I am three months away from graduating with my BSN. I am still giving myself pep talks in the car, but I have grown in confidence. I know other student nurses who get scared and anxious too, but they don't let that be a reason to stop. There are moments when everything comes together: nursing skill, knowledge, and therapeutic relationships. And other moments when I'm clunky or awkward or inexperienced. The more I do it, the more skillful I become.
I might be an introvert by nature, but I really like my patients and the nurses I work with. I might find small talk a challenge, but I am really good at therapeutic listening. I've noticed that some patients connect well with the fun, outgoing nurses, but other patients really appreciate a quieter approach. There is room in nursing for both kinds of people.
When I am giving myself a pep talk in the car, I am alone with both my fear and my determination. When I hold the hand of a frightened patient, they have me. Remembering that helps me get out of my car the next day.
I wish you the best, whatever your journey.
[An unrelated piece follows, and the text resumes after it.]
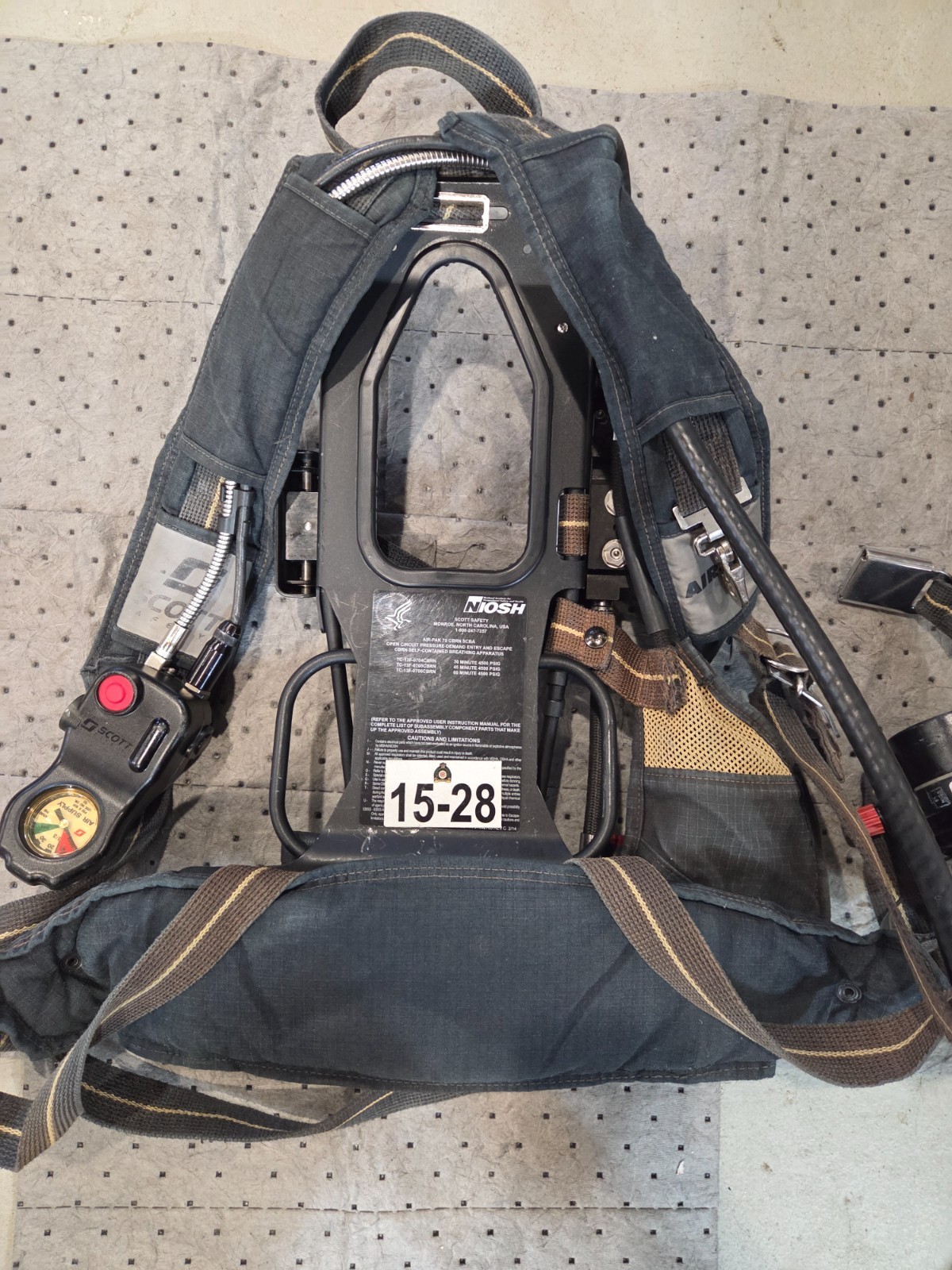 Scott AP75 Air-Pak 4.5 SCBA, 2013 NFPA, EZ Flow Quick Disconnect Regulator, EBSS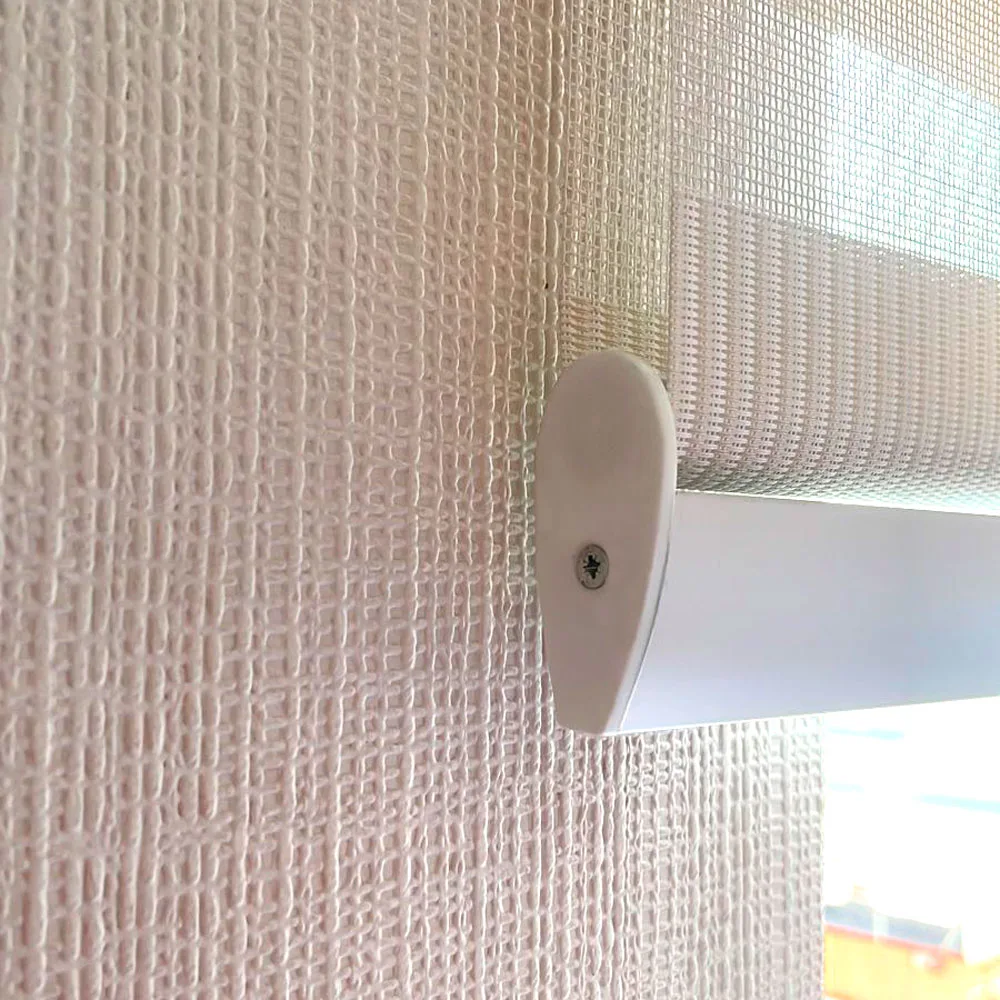 Tapa de plástico inferior para cortinas roller zebra, roller día y noche marca vertilux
Thank you so much for that. I think my fear is deeply rooted in the fact that I have no passion for anything, and no real interest in anything. Nursing is one of the best ways to be useful to other people which had got to be better than a pointless existence. I worry that my lack of passion will make school unbearable and the job even more so. I know that it's a hard situation to understand, and the final decision has to be mine. I really appreciate you sharing your story, and thank you for being so positive. :)
LPNTOBE2017
96 Posts
If you want to become a nurse then go for it. You would be amazed at what you can do if you put your mind to it. Good luck and GOD Bless
Nori.Giselle
72 Posts
I had to work a a lot of things along the way. I have anxiety, ADHD (that's a whole other story lol) and I HATE science. I dreaded science class so much that I saved them for last!! But I'd be "damned" literally if I would have let fear, anxiety and doubt stop me from accomplishing my goals. I just finished RN school! I look back and realize it was nothing but the grace of God that got me through Bio, Chem, A&P, LPN AND RN school. If you want to do it then go for it! You're about to start a marathon. Just take a few classes at a time then see how you do. There's no rush. Don't feel bad about starting school at 23. I'm 28 and just finished. It took me 10 years of being in school (1/2 time and FT). I even had classmates that were old enough to be my parents. When you do start school make sure you pick your professors carefully so you can make the best grade possible! I went to see a specialist about ADHD and was able to get some help for that. Maybe you should talk to your primary care dr. Help yourself so that you can help others. Be encouraged! You CAN do it.
Lissla
23 Posts
I was in the same boat before I started the nursing program in 2013. I'm still very much an introvert and get shy too. It's something I'm always going to struggle with and yet today I'm an RN. I found that the program was the best decision I made for myself. I grew so much throughout the two years. The only difference you may experience is that you may not have the same type of program I had. I had a group of students that I was in the same class and clinicals with everyday and that's mainly what helped me gain more confidence in myself. We didn't start going to clinicals until we had a basic foundation of nursing skills. I know other Universities throw you on a hospital floor without any skills. You won't know if you're cut out for it until you go through it yourself though.